NEW DELHI: India’s tech and customer-experience sectors can generate up to 4 million new jobs over the next five years even as automation displaces certain routine roles, said NITI Aayog in a recent report.
The latest paper “Roadmap for Job Creation in the AI Economy”, unveiled by NITI Aayog CEO BVR Subrahmanyam, highlights how artificial intelligence is reshaping the landscape of work, workers, and workforce. The report highlights that AI for the tech services sector encompasses both risks and opportunities.
India is at cross-roads, and AI’s impact on the job market needs immediate attention and a ‘bold and strategic action plan’ can unlock its full potential, it said.
“India’s strength lies in its people. With over 9 million technology and customer experience professionals, and the world’s largest pool of young digital talent, we have both the scale and ambition. What we need now is urgency, vision, and coordination,” said Subrahmanyam.
To turn disruption into opportunity, the think tank has proposed a National AI Talent Mission, which aims to transform India into a global hub for AI skills and capabilities. The think tank suggests a three-pillar structure for AI enhancement — embedding AI literacy in education, creating a national reskilling engine, and positioning India as a magnet for AI talent through partnerships and infrastructure support.
The Indian AI talent demand is expected to grow from 800,000-850,000 to over 1,250,000 over 2024-26, a CAGR of 25%, while existing talent is only growing at 15%.
The roadmap examines how Artificial Intelligence is reshaping the tech services industry through the lens of work, worker, and workforce. It calls out that while India’s tech services sector faces the threat of significant job displacements by 2031, it also has the opportunity to create up to 4 million new jobs in the next five years. To turn disruption into opportunity, NITI Aayog recommends the launch of a National AI Talent Mission, a bold, nationally coordinated effort to transform India into the AI workforce capital of the world.
The report highlights that AI disruption is already reshaping jobs in India’s $245B technology and CX sectors. Without swift action, routine roles such as QA engineers and L1 support agents risk rapid redundancy. But with the right skilling, reskilling, and innovation pathways, India could emerge as a global hub for AI-first roles—from Ethical AI Specialists and AI Trainers to Sentiment Analysts and AI DevOps Engineers.
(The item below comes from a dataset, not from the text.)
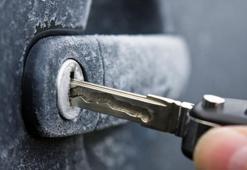 Soğukta donan kapı kilidi için muhteşem hile! Vazelin bu işin sırrı, tık diye açılıyor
“India’s strength lies in its people. With over 9 million technology and customer experience professionals, and the world’s largest pool of young digital talent, we have both the scale and ambition. What we need now is urgency, vision, and coordination,” said B.V.R. Subrahmanyam, CEO, NITI Aayog.
“The difference between job loss and job creation depends squarely on the choices we make today. This roadmap provides a clear, actionable path to ensure India becomes the global epicentre of AI talent by 2035,” said Debjani Ghosh, Distinguished Fellow, NITI Aayog.
The roadmap envisions a mission-mode approach anchored on three key pillars: embedding AI across the education system to make AI literacy a foundational skill in schools, universities, and vocational programs; building a national reskilling engine to upskill and reskill millions of technology and CX professionals for higher-value, AI-augmented roles; and positioning India as a global AI talent magnet by retaining domestic talent, attracting international experts, and establishing the country as a premier AI skilling destination.
It also advocates close collaboration between the proposed India AI Talent Mission and the ongoing India AI Mission, along with partnerships between academia, government and industry to create an enabling ecosystem of compute infrastructure and data availability to forge the trained talent into innovators and researchers of tomorrow.
India’s future in the AI economy hinges on decisive action. With coordinated leadership across government, industry, and academia, the report stresses that India can not only safeguard its workforce but also lead in shaping global AI.